Special Potential Concerns for Insurance Companies
Because insurance is primarily regulated at the state level, insurance commissioners and their agencies exercise considerable discretionary power. Whether particular commissioners are appointed or elected, they are understandably subject to political pressures, either from their respective governors or based on their own electorate. Insurance regulators in states restricting or prohibiting abortion might view it as part of their roles in carrying out the will of their respective legislators or the electorate to ensure that insurance companies do not, in their minds, aid and abet or conspire to break the law of their states. For example, we saw great activity by insurance regulators in response to pressure to relieve economic hardships caused by COVID-19 and in connection with the legalization of marijuana in certain states. As with other controversial medical procedures, they might take issue with additional expenses being incurred and reimbursed by insurers (such as to fund interstate travel for medical procedures that would violate their state laws), thereby resulting in expenses being borne by other policyholders in their states in the form of increased premiums (or, albeit less likely, claiming a potential solvency risk).

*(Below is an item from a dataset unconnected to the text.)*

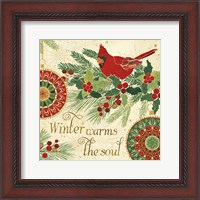 Framed Winter Feathers VI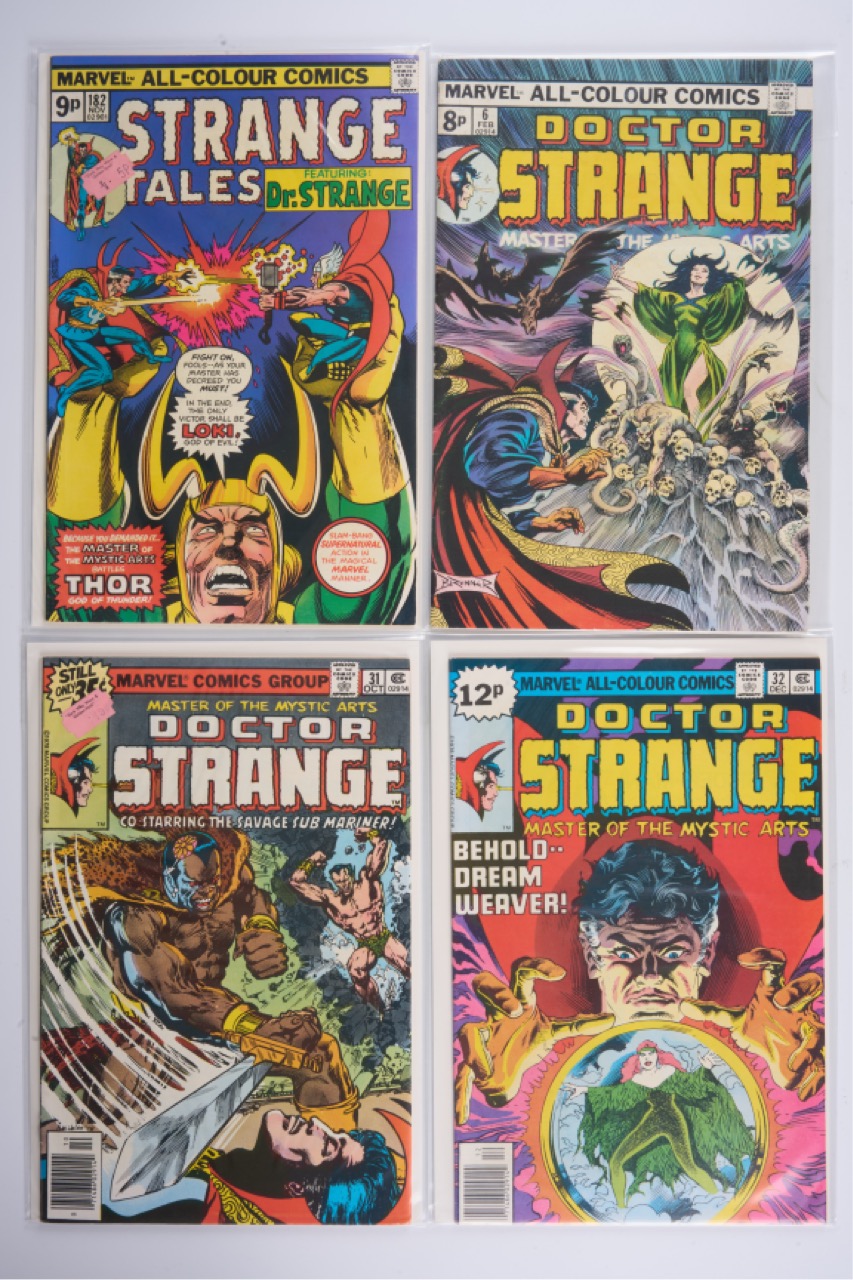 Doctor Strange Volume 2 and Strange Tales Volume 1 (Marvel Comics, 1974-1994) Bundle of 9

Accordingly, insurance regulators in states restricting abortion or pro-choice states might, on their own accord or at the request by another official, use the regulatory tools at their disposal to pressure insurance companies toward the result that aligns with their respective states' laws on abortion.
Conclusion
The legal landscape of abortion restrictions, and how companies and individuals are able to respond, is changing rapidly. It is unclear how states will apply newly adopted abortion restrictions.
The content of this article is intended to provide a general guide to the subject matter. Specialist advice should be sought about your specific circumstances.